*** INFORMATION

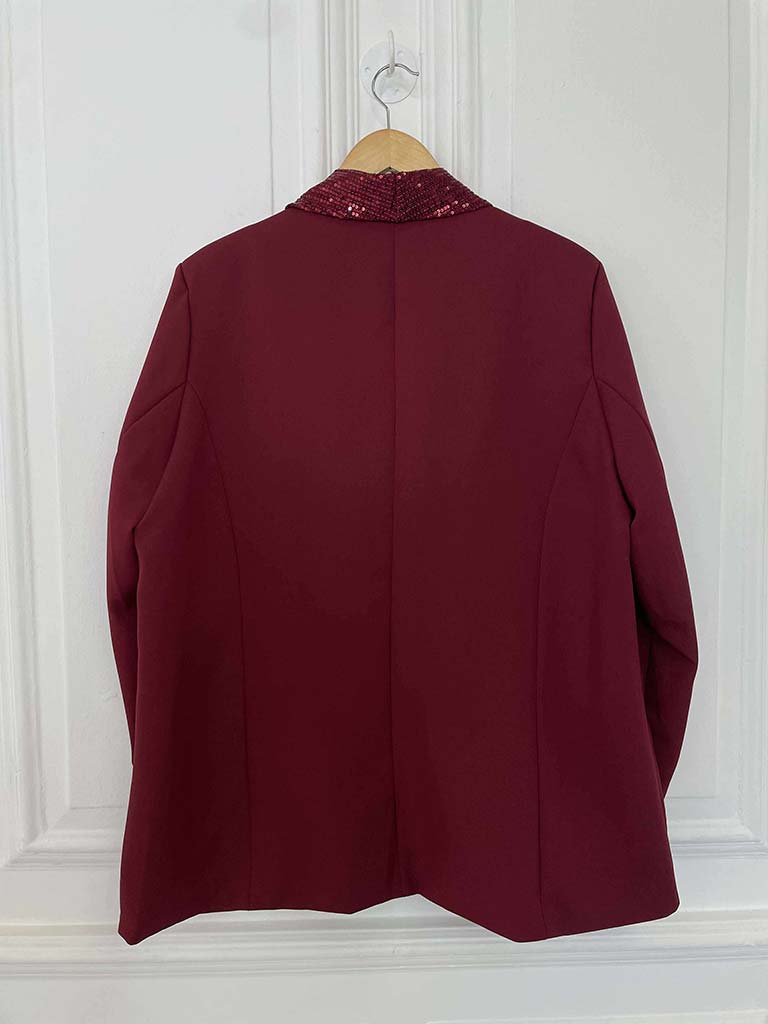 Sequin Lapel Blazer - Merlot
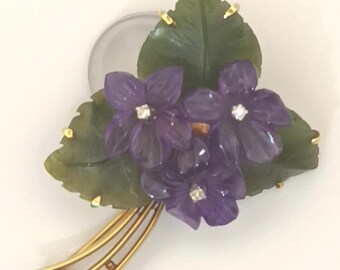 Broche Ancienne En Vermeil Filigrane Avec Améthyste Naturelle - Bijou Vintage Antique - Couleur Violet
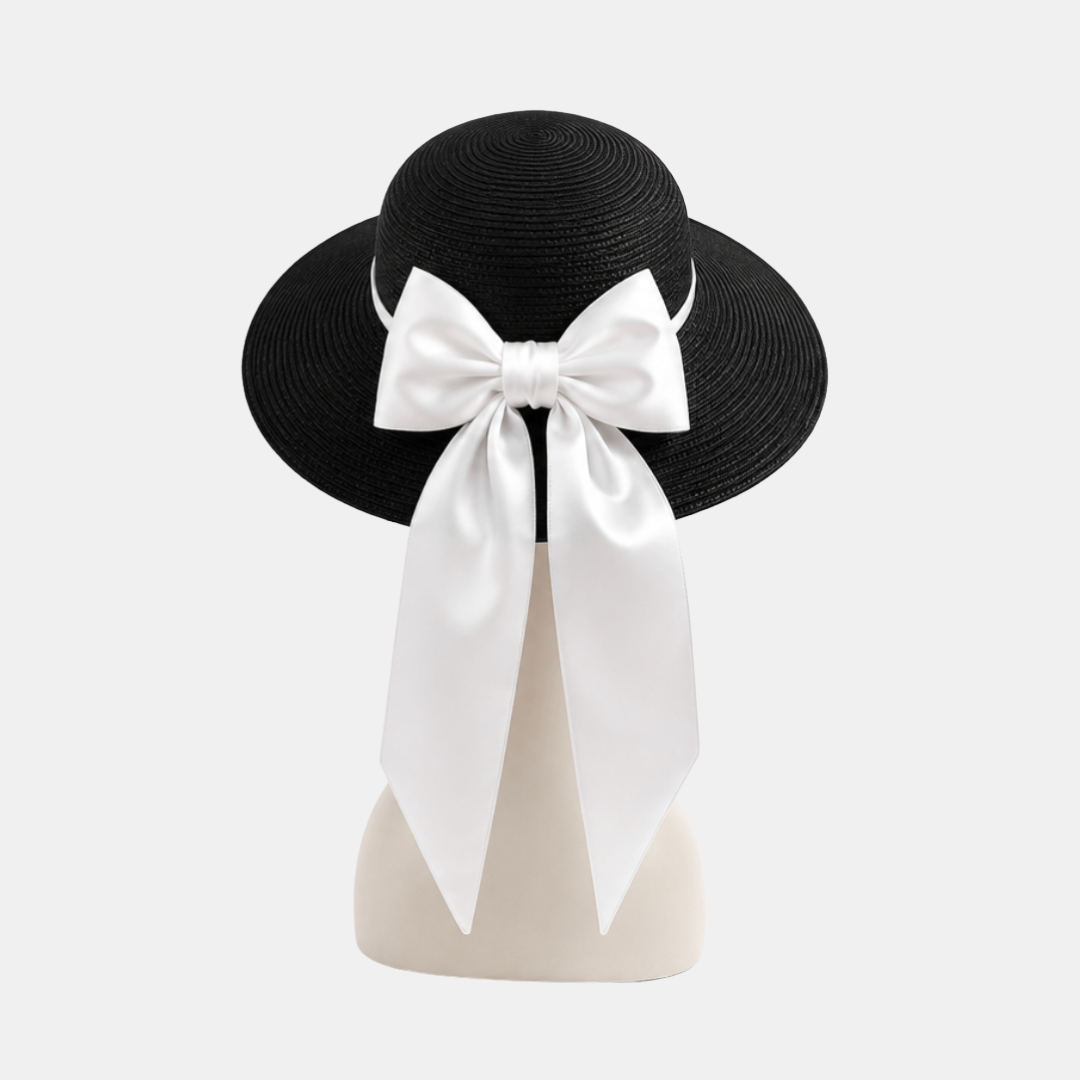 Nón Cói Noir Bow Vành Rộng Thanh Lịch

******
*** INFORMATION

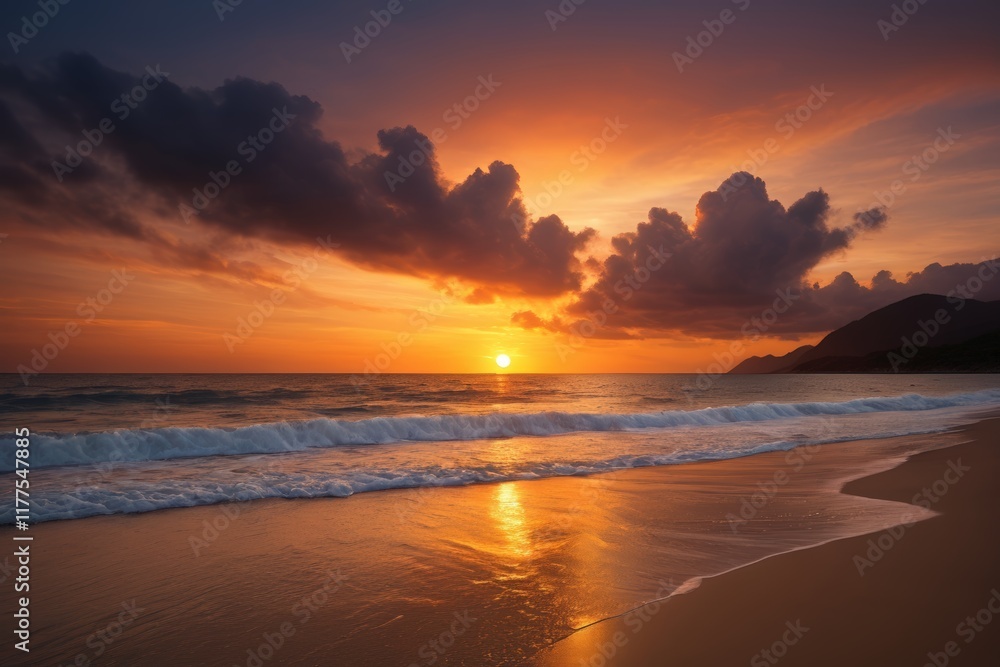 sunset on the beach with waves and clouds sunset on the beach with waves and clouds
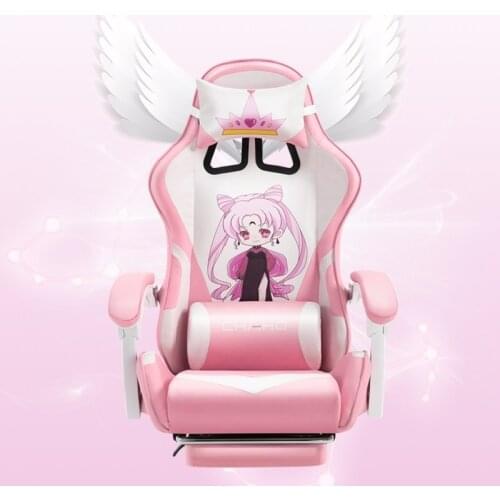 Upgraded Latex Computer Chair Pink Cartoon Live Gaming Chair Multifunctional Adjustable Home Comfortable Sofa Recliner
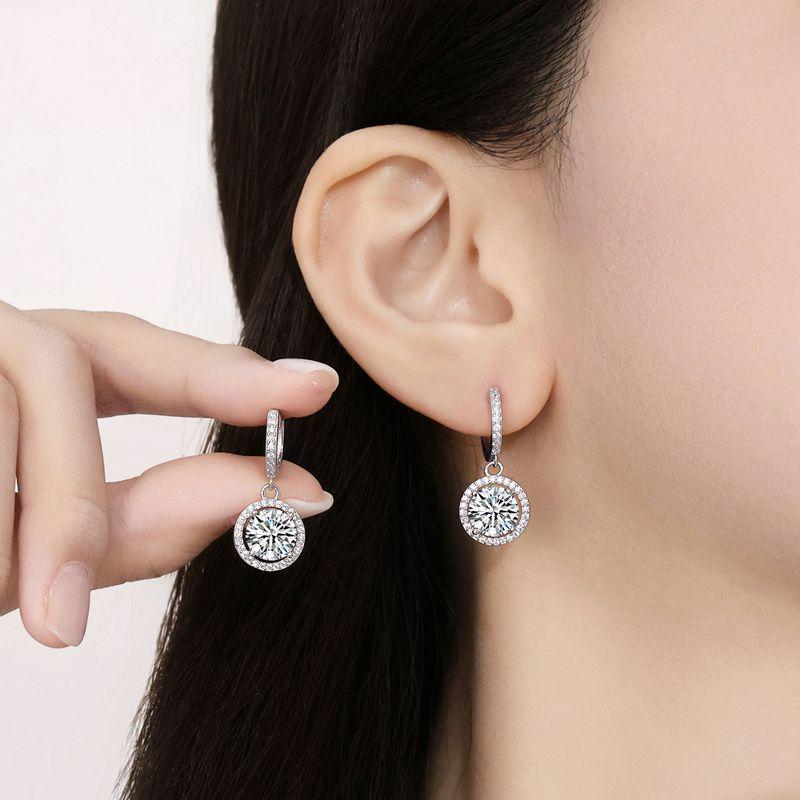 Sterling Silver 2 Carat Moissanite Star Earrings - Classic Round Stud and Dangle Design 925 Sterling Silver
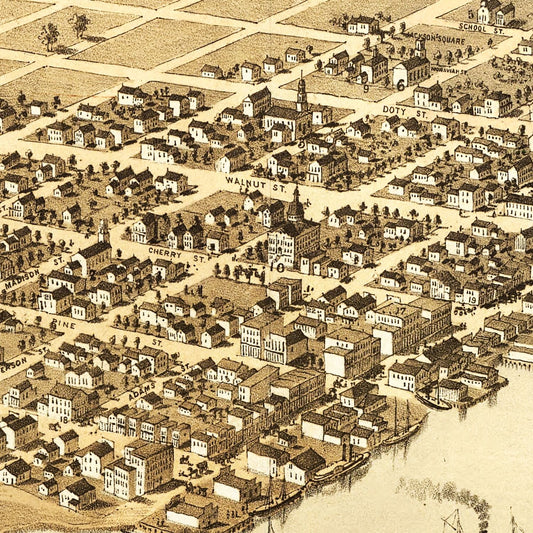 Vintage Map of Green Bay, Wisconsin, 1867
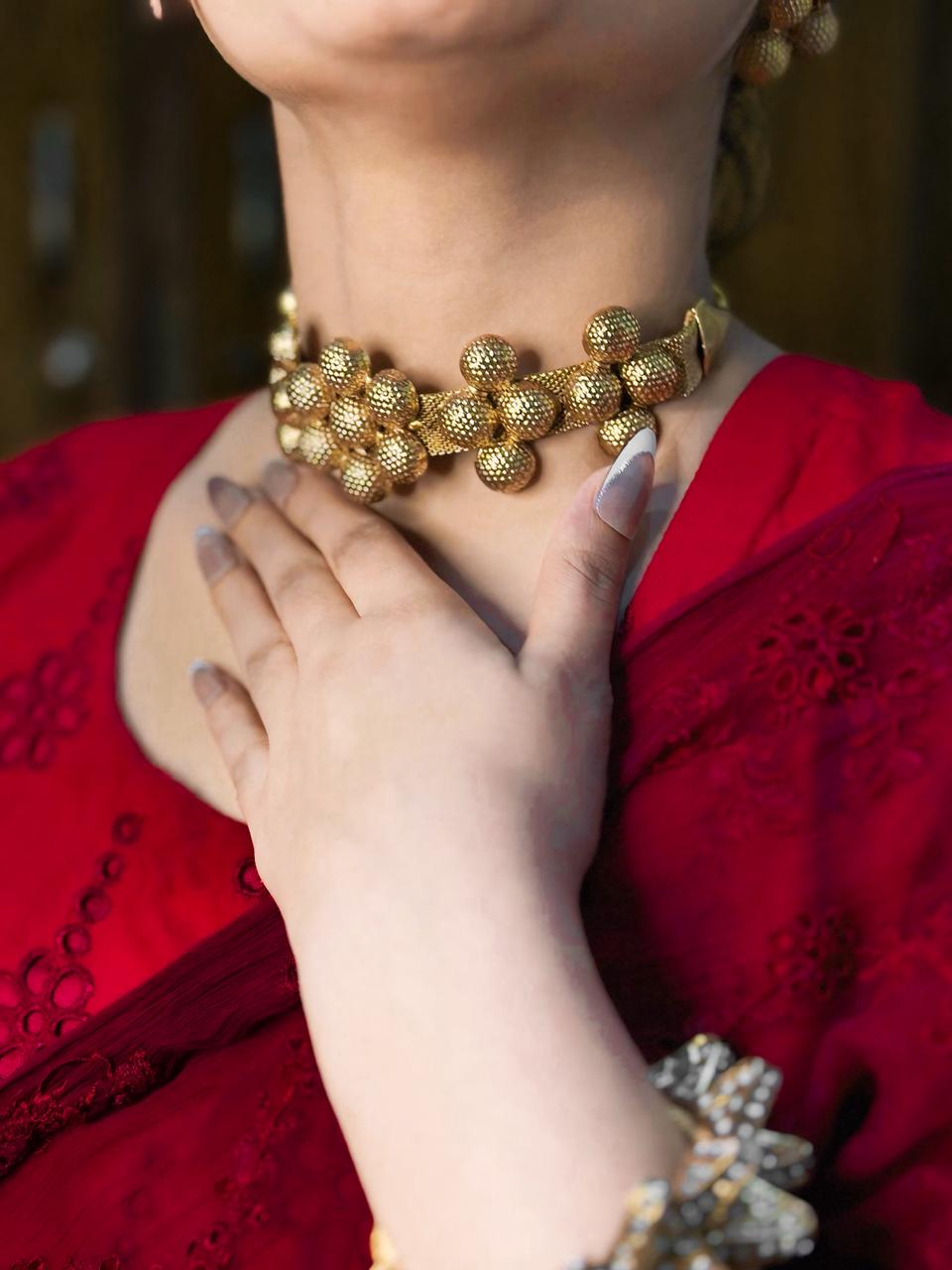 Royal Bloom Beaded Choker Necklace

******

**EXERCISE BRIEF:**
In the records above, find the line containing "Sequin Lapel Blazer - Merlot" and the line containing "Nón Cói Noir Bow Vành Rộng Thanh Lịch", then give both of them again word for word along with every line between. Omit any pictures.

**YOUR RESPONSE:**
 Sequin Lapel Blazer - Merlot
 Broche Ancienne En Vermeil Filigrane Avec Améthyste Naturelle - Bijou Vintage Antique - Couleur Violet
 Nón Cói Noir Bow Vành Rộng Thanh Lịch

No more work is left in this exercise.